Kalimat 'To The Moon' makin populer usai Purbaya Yudhi Sadewa dilantik menjadi Menkeu. Pasalnya IHSG terus mencatatkan rekor baru. Tengok saja data dari Bursa Efek Indonesia (BEI) yang menyebut bahwa IHSG sudah mencetak rekor tertinggi 22 kali sepanjang tahun ini, yang menarik sebanyak 21 kali terjadi pada era Purbaya, dan 1 kali era Sri Mulyani. Padahal Purbaya baru 2 bulan menjabat sebagai menteri.

Kondisi ini membuat Purbaya makin percaya diri saja, dia meyakini bahwa IHSG bakal terus mencapai To The Moon hingga level 9.000 pada akhir tahun 2025.

"Kalau saya ditanya bagaimana indeks? To-the-moon, saya bilang itu. Akhir tahun ini berapa? 9.000. Sepuluh tahun lagi ke depan berapa? 32.000,” kata Purbaya dengan nada optimistis tinggi.

Level 9.000 bukan hanya sekadar angka, tetapi merupakan tonggak sejarah yang menunjukkan kepercayaan investor domestik maupun asing terhadap prospek jangka panjang ekonomi Indonesia.

Faktor Pendorong

Pasar menilai Purbaya membawa angin segar stabilitas fiskal dan kesinambungan kebijakan, yang sangat penting untuk memberikan kepastian bagi investasi.
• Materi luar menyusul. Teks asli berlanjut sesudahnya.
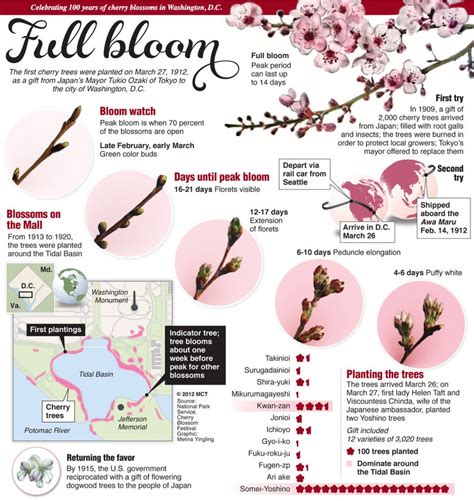 How long do almond blossoms bloom?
Kombinasi ini menjadi salah satu sentimen positif dari sejumlah pengamat.

Direktur Utama Mandiri Sekuritas, Oki Ramadhana menyebutkan pergerakan IHSG menuju 9000 tinggal menunggu waktu saja.

”Sekarang kita lihat saja IHSG udah berapa kali touch peak-nya. Sudah sekitar 20 kali. Jadi kalau bisa mencapai 9.000, as a matter of time aja ya,” katanya.
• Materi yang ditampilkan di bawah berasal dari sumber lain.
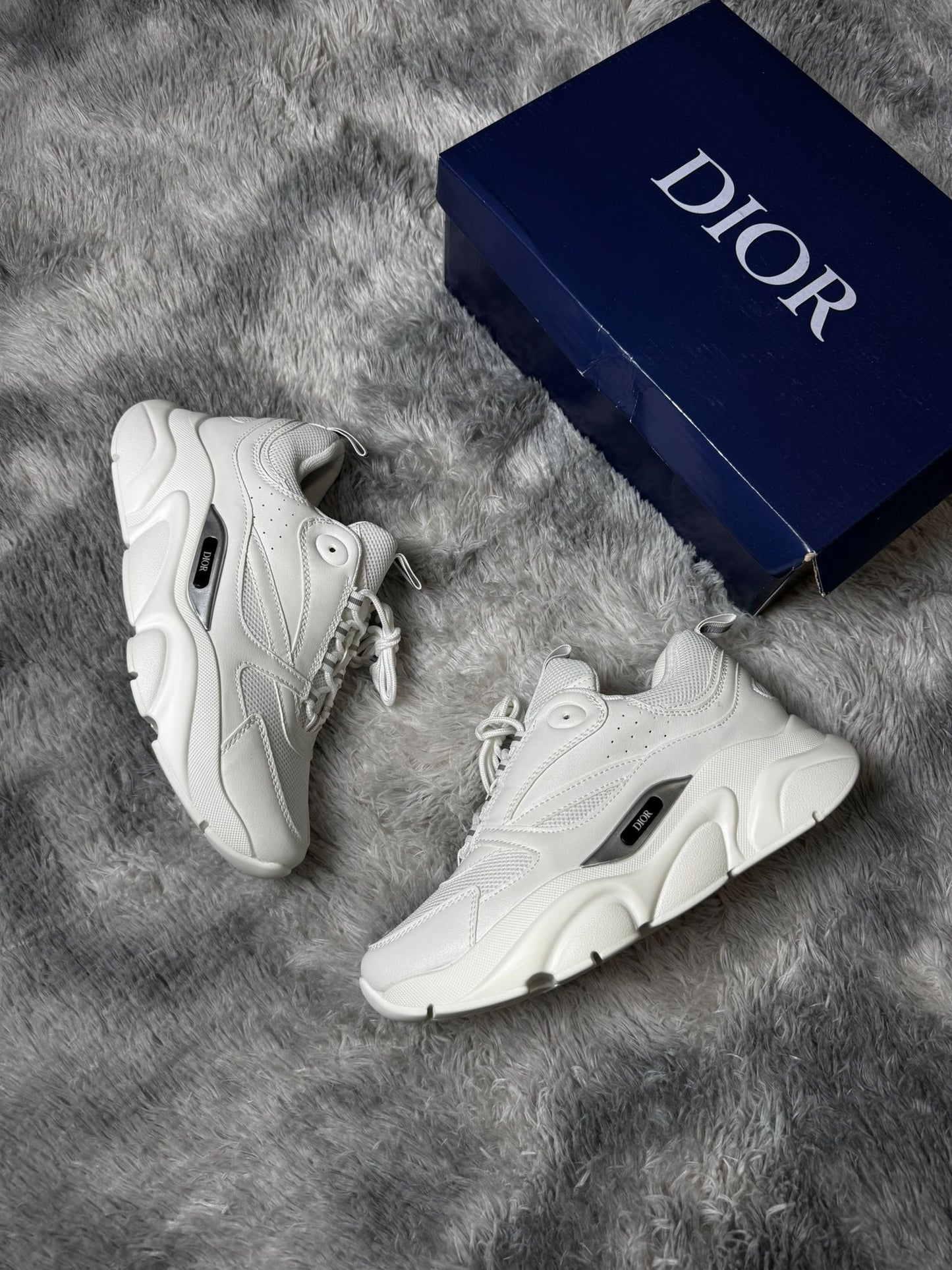 Dior b22 blancas logo negro y gris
Head of Research Kiwoom Sekuritas, Liza Camelia Suryanata mengatakan, secara fundamental, IHSG ke 9.000 di akhir tahun memang tidak sepenuhnya mengada-ada, tetapi lebih tepat disebut aspiratif.
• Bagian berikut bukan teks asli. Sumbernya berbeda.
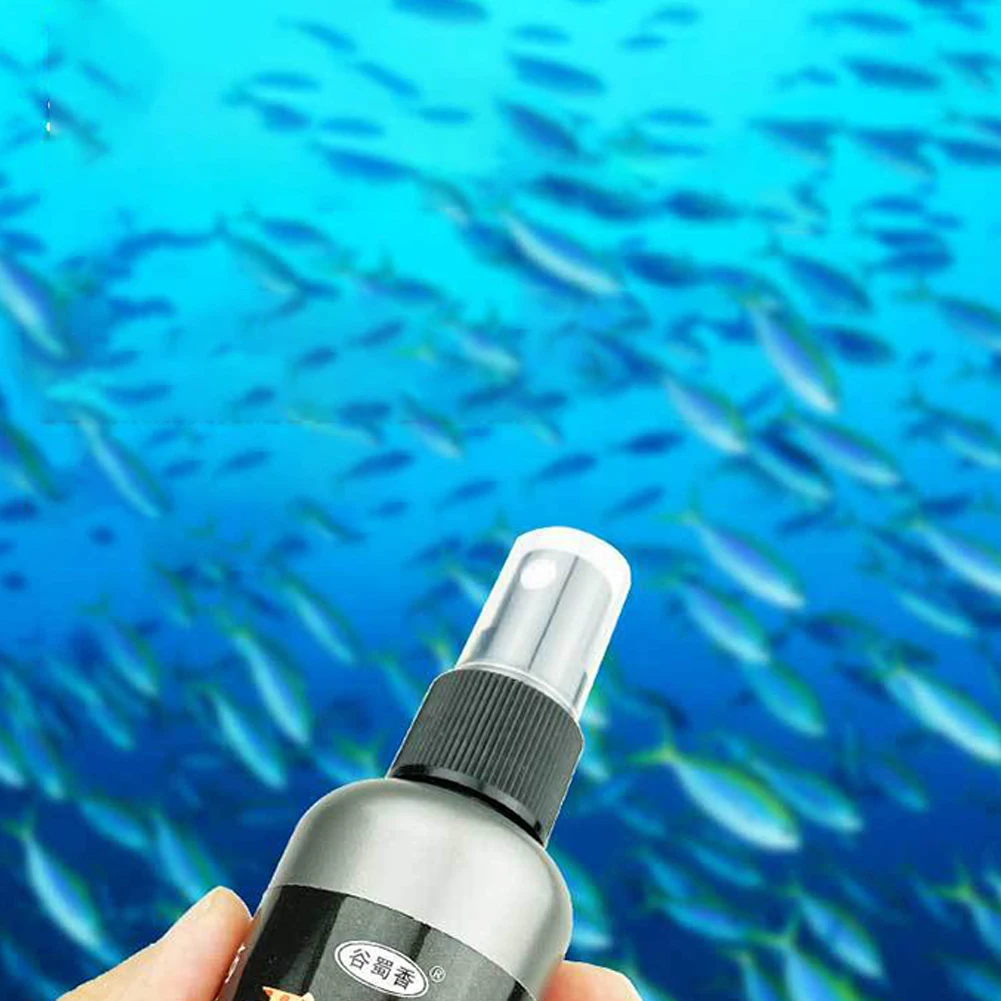 Flavor Additive Fishing Bait 50ML 60g Concentrate Fishing Scent Fishing Tool For Outdoor Sport Liquid Additive
Flavor Additive Fishing Bait 50ML 60g Concentrate Fishing Scent Fishing Tool For Outdoor Sport Liquid Additive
“Hingga awal November, ekonomi Indonesia menunjukkan ketahanan yang solid, dengan inflasi terkendali di 2,86 persen yoy, PMI manufaktur ekspansif di 51,2 atau lebih tinggi dari negara besar lainnya seperti Korea Selatan, China, Jerman, dan Inggris, ditambah surplus dagang tembus US$33,5 miliar,” ujar Liza.

Kepala Eksekutif Pengawas Pasar Modal, Keuangan Derivatif, dan Bursa Karbon OJK Inarno Djajadi menilai penguatan IHSG sepanjang 2025 didukung oleh fundamental ekonomi domestik yang relatif solid. Dia pun optimistis IHSG akan segera menembus level 9.000.

“OJK melihat penguatan IHSG sepanjang 2025 didukung oleh fundamental ekonomi domestik yang relatif solid, termasuk pertumbuhan ekonomi yang terjaga dan stabilitas sektor keuangan,” kata Inarno.

Namun demikian, OJK menegaskan tidak menetapkan target indeks tertentu. Regulator lebih menekankan penguatan ekosistem pasar modal serta menjaga stabilitas dan integritas pasar di tengah dinamika global yang masih berfluktuasi.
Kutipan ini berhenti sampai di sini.